**WHAT IS NEEDED:**
The data below is to be written out exactly, with no pictures.

(Records from a data source)
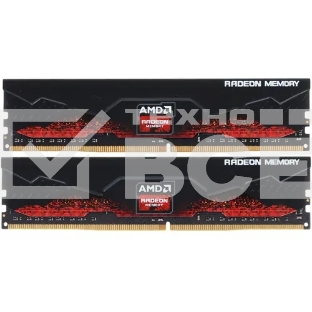 Оперативная память AMD Radeon R7, DDR4, 16GB (2x8GB), 2666MHz, CL16, с радиатором, черный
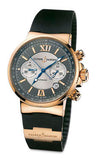 Ulysse Nardin,Ulysse Nardin - Marine Diver Chronograph 41mm - Rose Gold - Watch Brands Direct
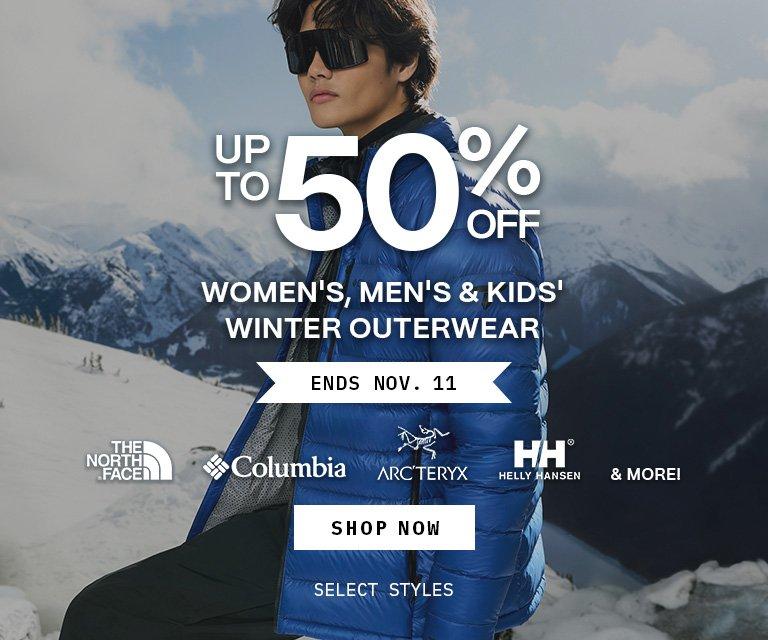 Up to 50% Off Women's, Men's & Kids' Winter Outerwear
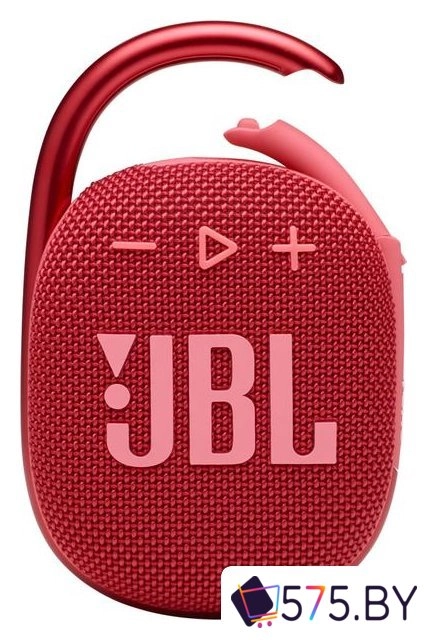 Беспроводная колонка JBL Clip 4 (красный) в магазине 575.by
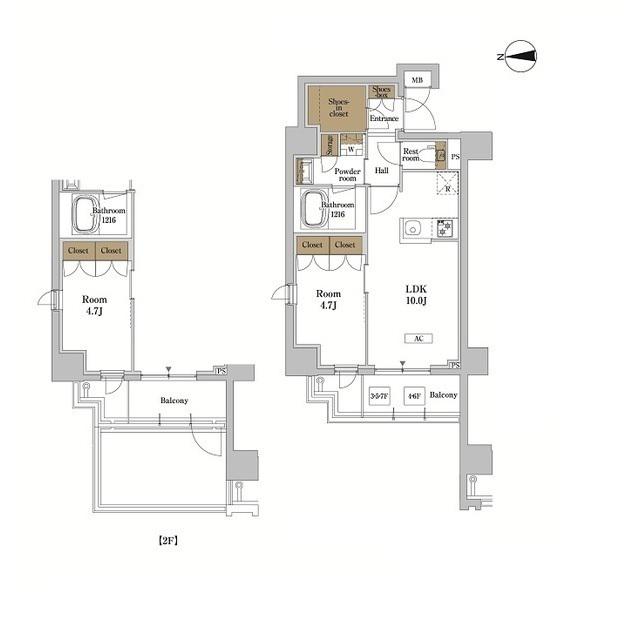 RJRプレシア蒲田(1LDK/3階)の間取り写真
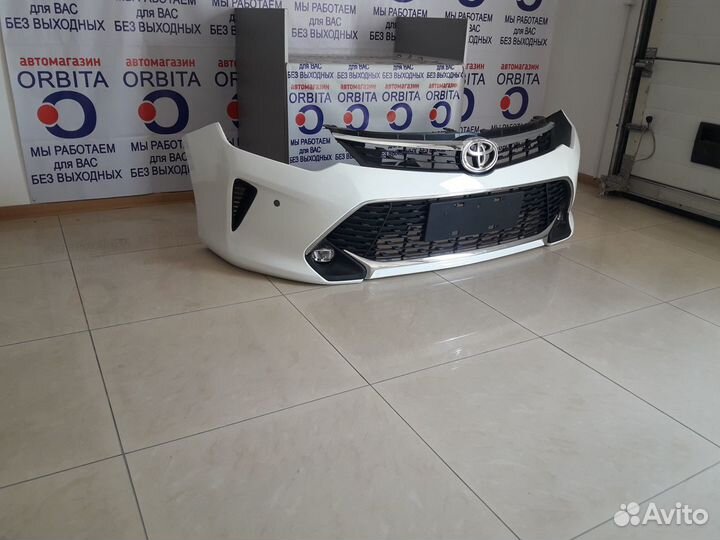 Бампер передний в сборе на Тойоту Камри 55 кузов
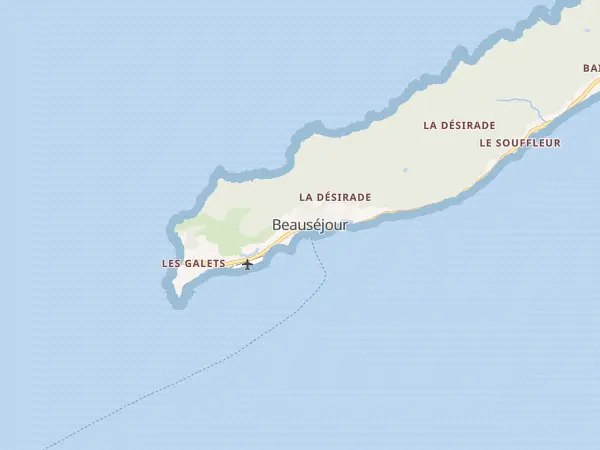 Plan de La Désirade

**WRITTEN RESPONSE:**
 Оперативная память AMD Radeon R7, DDR4, 16GB (2x8GB), 2666MHz, CL16, с радиатором, черный
 Ulysse Nardin,Ulysse Nardin - Marine Diver Chronograph 41mm - Rose Gold - Watch Brands Direct
 Up to 50% Off Women's, Men's & Kids' Winter Outerwear
 Беспроводная колонка JBL Clip 4 (красный) в магазине 575.by
 RJRプレシア蒲田(1LDK/3階)の間取り写真
 Бампер передний в сборе на Тойоту Камри 55 кузов
 Plan de La Désirade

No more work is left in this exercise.